NEAR CEX Flows
The idea of this dashboard is to illustrate the inflows and outflows of assets from NEAR to CEX and vice-versa, looking at items such as number of users and volume by CEX, which CEXes bring in the most active users to the ecosystem and what dApps in the ecosystem are users who onboarded funds from CEXes are using.
Near Protocol is a fast-growing blockchain platform with a vibrant ecosystem of decentralized applications (dApps) and an ever-expanding user base. As the platform continues to gain traction and more assets are exchanged on the network, it is crucial to understand the flow of these assets and the behavior of the users driving them. This is where your analytical skills come in - by analyzing the transaction data and network activity, you can gain insights into the key trends and patterns shaping the Near Protocol ecosystem.
One important aspect to consider is the role of centralized exchanges (CEXes) in the network. These exchanges are a vital on-ramp for new users and assets into the ecosystem, and analyzing their behavior can provide valuable insights into the health and growth of the network as a whole.
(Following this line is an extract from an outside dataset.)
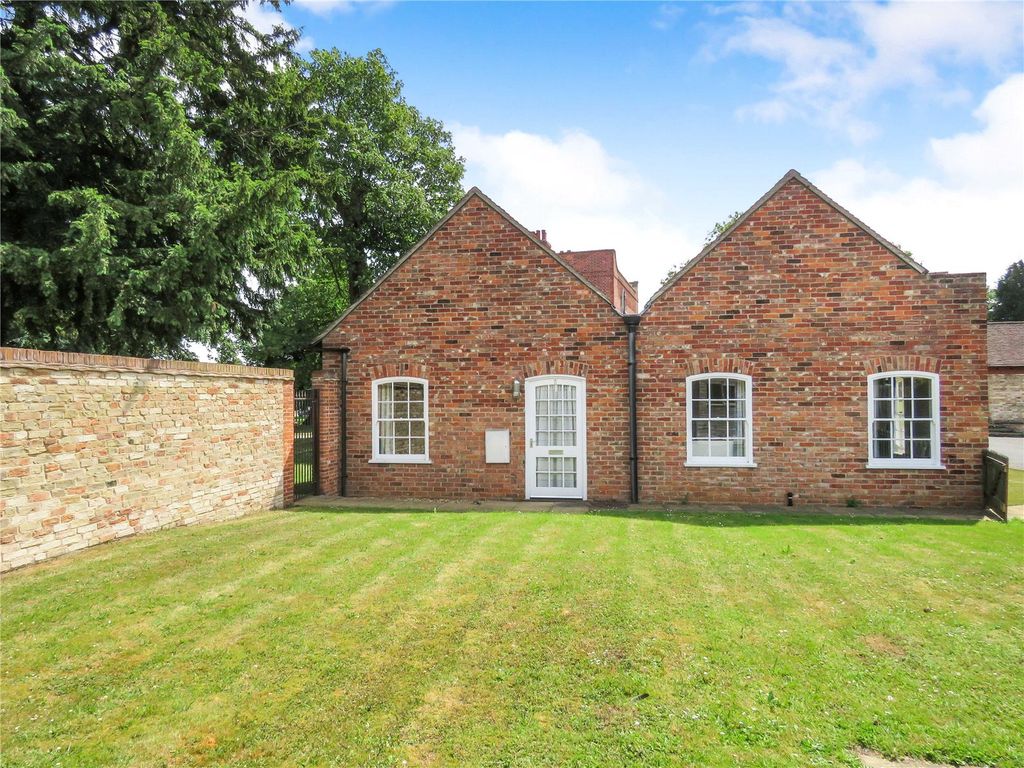 2 bed flat to rent in Grove House, Huntingdon Road, Fenstanton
By examining the number of users and volume of assets associated with each CEX, you can identify which exchanges are the most active and which are driving the most growth in the Near Protocol network.
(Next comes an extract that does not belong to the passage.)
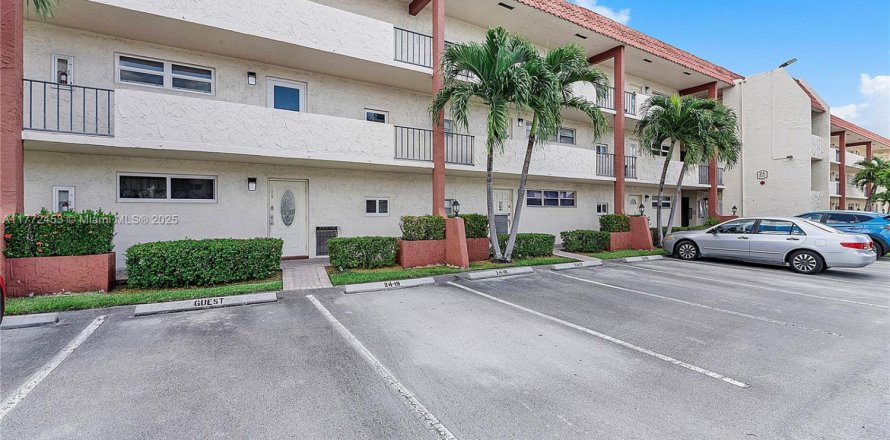 Condo à Pembroke Pines, Floride, 2 chambres № 1692787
Using Flipside Crypto data, I conducted an in-depth analysis of the inflows and outflows of assets on the Near Protocol blockchain. My goal was to gain a comprehensive understanding of the behavior of users on the network and identify key trends that could inform strategic decisions.
To begin, I utilized the Flipside Crypto dashboard to explore the overall activity on the network, including metrics such as the number of transactions, the volume of assets exchanged, and the number of unique users on the network. This allowed me to gain a broad understanding of the network's activity and identify areas of interest for further analysis.
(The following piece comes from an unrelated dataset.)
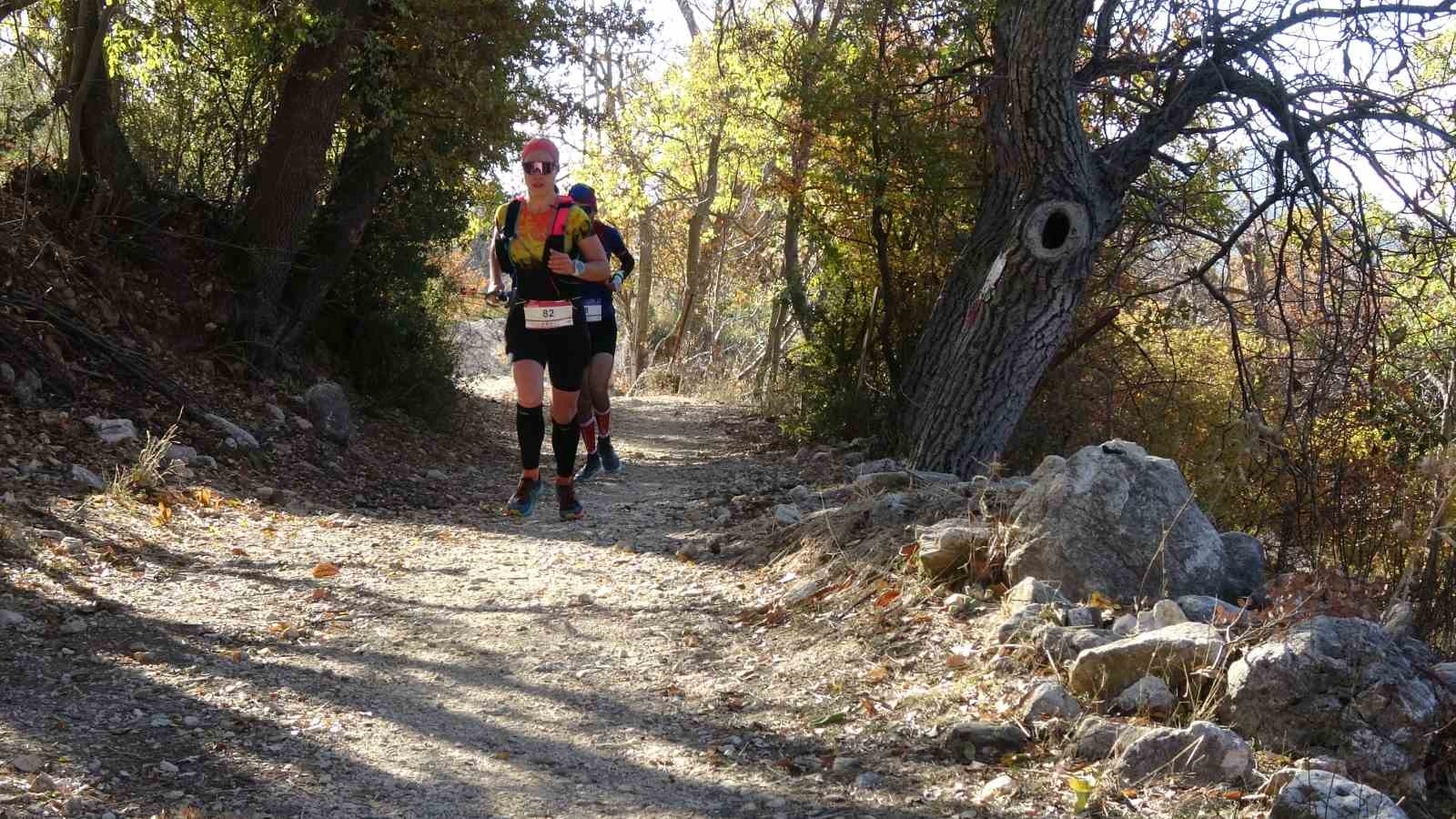 27 ülkeden 320 sporcu Sagalassos Antik Kenti'nde koştu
Next, I delved deeper into the activity by examining the behavior of users on different centralized exchanges (CEXes). This involved analyzing the data to identify which CEXes were the most active on the network and which tokens were being transferred the most frequently. By doing so, I was able to gain insights into the behavior of users on the network and identify potential growth opportunities.
Finally, I created a detailed analysis of the selected CEXes on the network, providing the reader with a comprehensive view of their activity. This included metrics such as the number of transactions, the volume of assets exchanged, the number of unique users, and the most commonly traded tokens on the exchange. By providing this level of detail, I was able to provide valuable insights into the role that individual CEXes play in the network's overall activity and how they are driving growth and adoption.